[Collected data entries]
====================

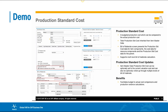We can now define our production standard cost in the item master data. This cost can now be used as a budgeted cost, enabling cost comparisons between standard and actual costings or for production variance analysis.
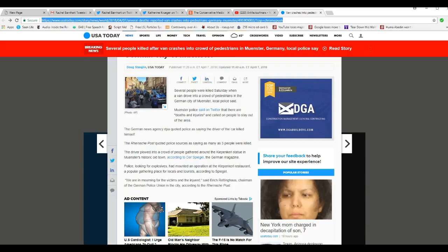A popular gathering place for locals and tourists, according to Der Spiegel. We are mourning the victims and the injured, said Eric Reddinghaus, chairman of the German police union in the city, according to Ranch Post.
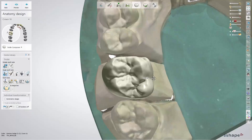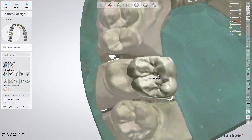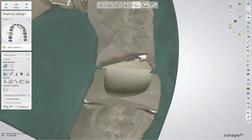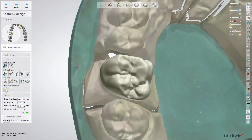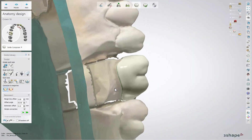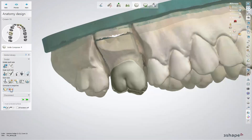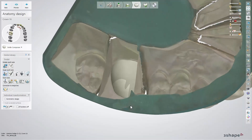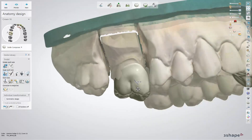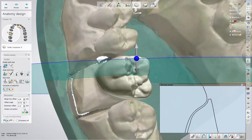The connection to the margin line tools allow you to connect the designed anatomy to the margin line, and disconnect it if needed. While connecting to the margin line, you have the possibility to adjust the connection settings. The simple connection checkbox allows you to connect the design to the margin line without applying extra smoothing to the anatomy near the margin line, keeping the design unchanged.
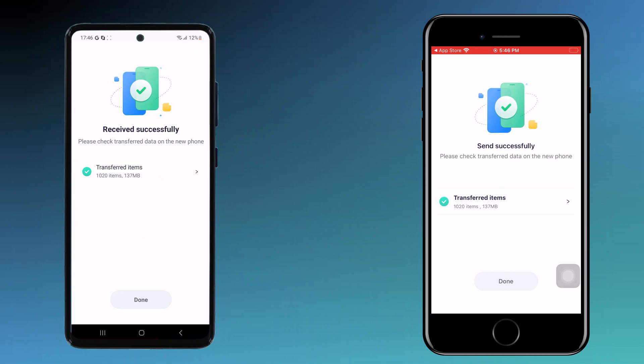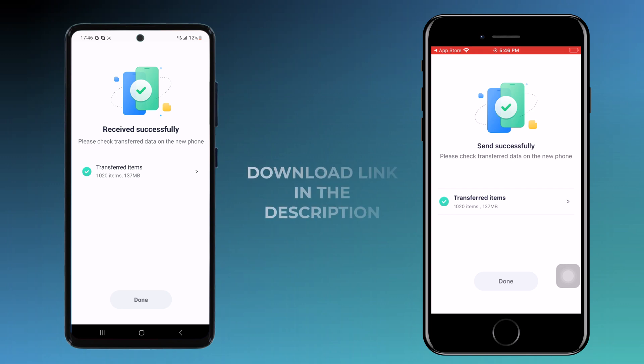Once the transfer is complete, you will receive a notification on both phones, and now you have successfully moved all your important data from your old phone to your new phone. It's a very easy way to transfer all your data using the MobileTrans app. The download link is available in the video description, so make sure to check it out.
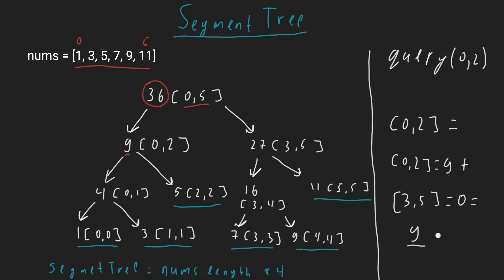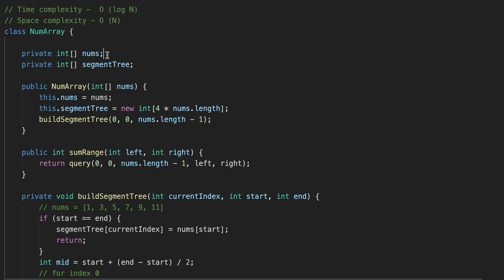The time complexity of this solution overall is O(log n). First, we create two variables: nums, where we store our initial array, and the segment tree, where we store the segment tree values. The size of the segment tree is four times the initial array in order to accommodate all values in our binary tree.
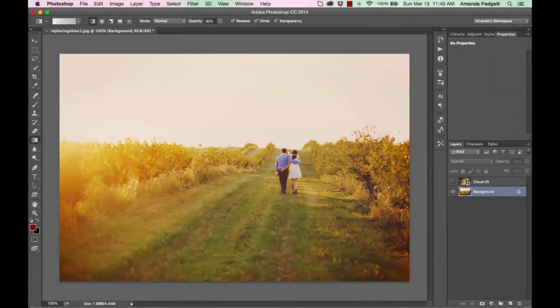Hi there! I'm going to show you how to quickly and efficiently replace a blown-out sky or a boring drab sky with a sky from the Montana Skies collection.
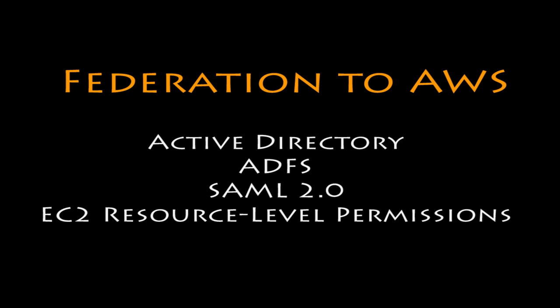This video demonstrated using Microsoft Active Directory, Active Directory Federation Services, Security Assertion Markup Language, and EC2 resource level permissions to provide single sign-on and fine-grain access to AWS resources. Once this is configured, Enterprise administrators can easily utilize Active Directory group membership to manage access to AWS resources.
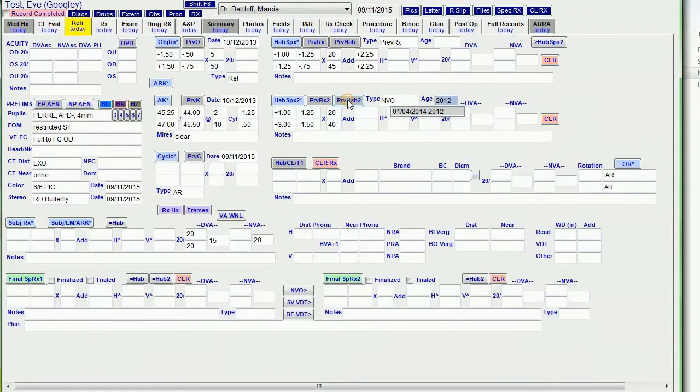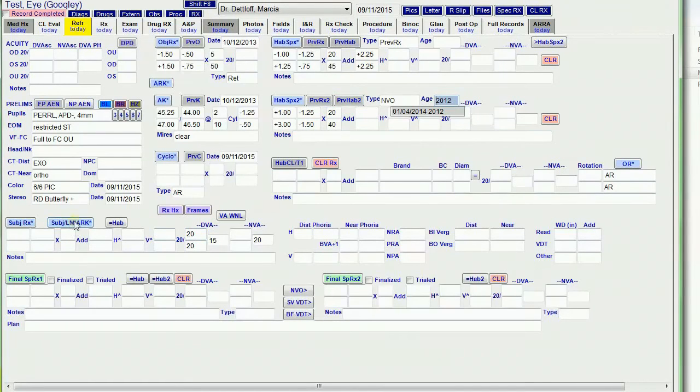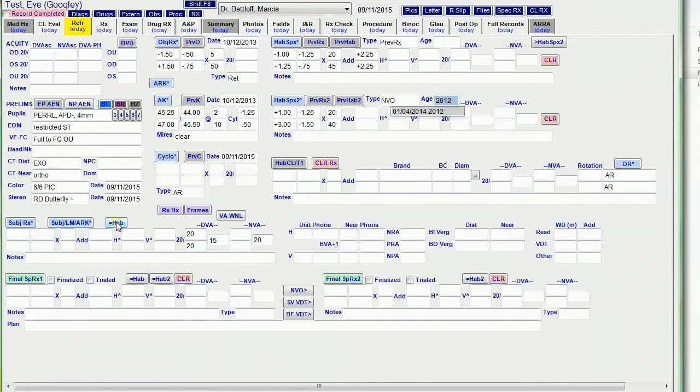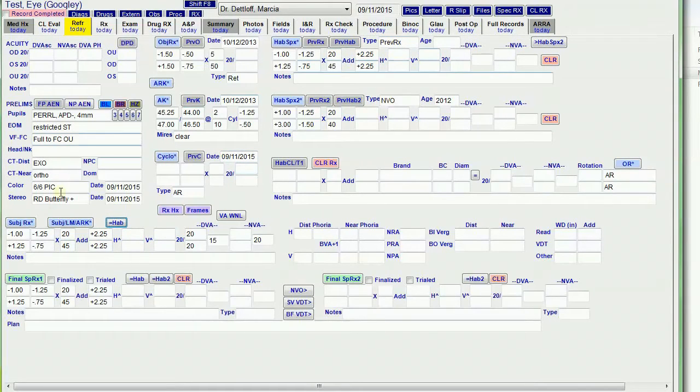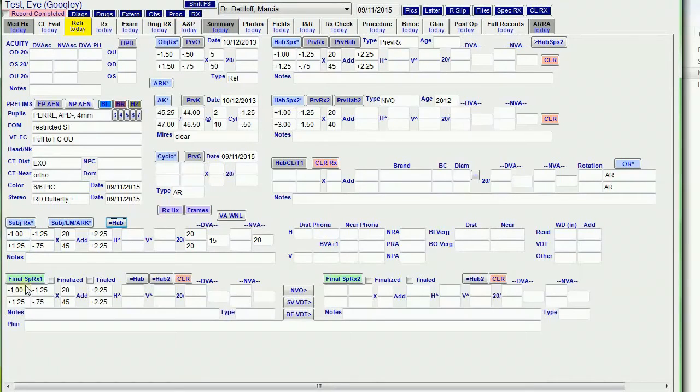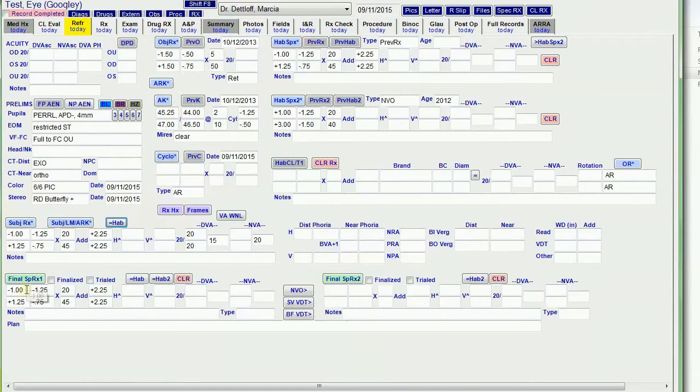I'm going to fill that in with the previous habitual two. And then, since I don't have this hooked up, I'm going to make the subjective equal to the habitual one. So it copies this data into the habitual. And the subjective fields copy down to the final fields.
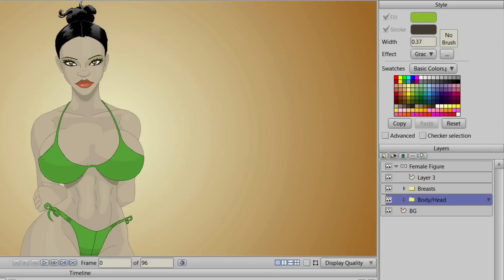For this tutorial, as you can see, we already have a female character drawn up and ready to go. We'll be focusing on two different ways to animate breasts for female characters. The first will be Dynamic Bones, and the second will be using your Smart Bone Dial.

====================

◆ EXERCISE
Please print all the lines above exactly as given and leave out every picture.

◆ EXERCISE RESULT
We can now define our production standard cost in the item master data. This cost can now be used as a budgeted cost, enabling cost comparisons between standard and actual costings or for production variance analysis.
A popular gathering place for locals and tourists, according to Der Spiegel. We are mourning the victims and the injured, said Eric Reddinghaus, chairman of the German police union in the city, according to Ranch Post.
The connection to the margin line tools allow you to connect the designed anatomy to the margin line, and disconnect it if needed. While connecting to the margin line, you have the possibility to adjust the connection settings. The simple connection checkbox allows you to connect the design to the margin line without applying extra smoothing to the anatomy near the margin line, keeping the design unchanged.
Once the transfer is complete, you will receive a notification on both phones, and now you have successfully moved all your important data from your old phone to your new phone. It's a very easy way to transfer all your data using the MobileTrans app. The download link is available in the video description, so make sure to check it out.
The time complexity of this solution overall is O(log n). First, we create two variables: nums, where we store our initial array, and the segment tree, where we store the segment tree values. The size of the segment tree is four times the initial array in order to accommodate all values in our binary tree.
Hi there! I'm going to show you how to quickly and efficiently replace a blown-out sky or a boring drab sky with a sky from the Montana Skies collection.
This video demonstrated using Microsoft Active Directory, Active Directory Federation Services, Security Assertion Markup Language, and EC2 resource level permissions to provide single sign-on and fine-grain access to AWS resources. Once this is configured, Enterprise administrators can easily utilize Active Directory group membership to manage access to AWS resources.
I'm going to fill that in with the previous habitual two. And then, since I don't have this hooked up, I'm going to make the subjective equal to the habitual one. So it copies this data into the habitual. And the subjective fields copy down to the final fields.
For this tutorial, as you can see, we already have a female character drawn up and ready to go. We'll be focusing on two different ways to animate breasts for female characters. The first will be Dynamic Bones, and the second will be using your Smart Bone Dial.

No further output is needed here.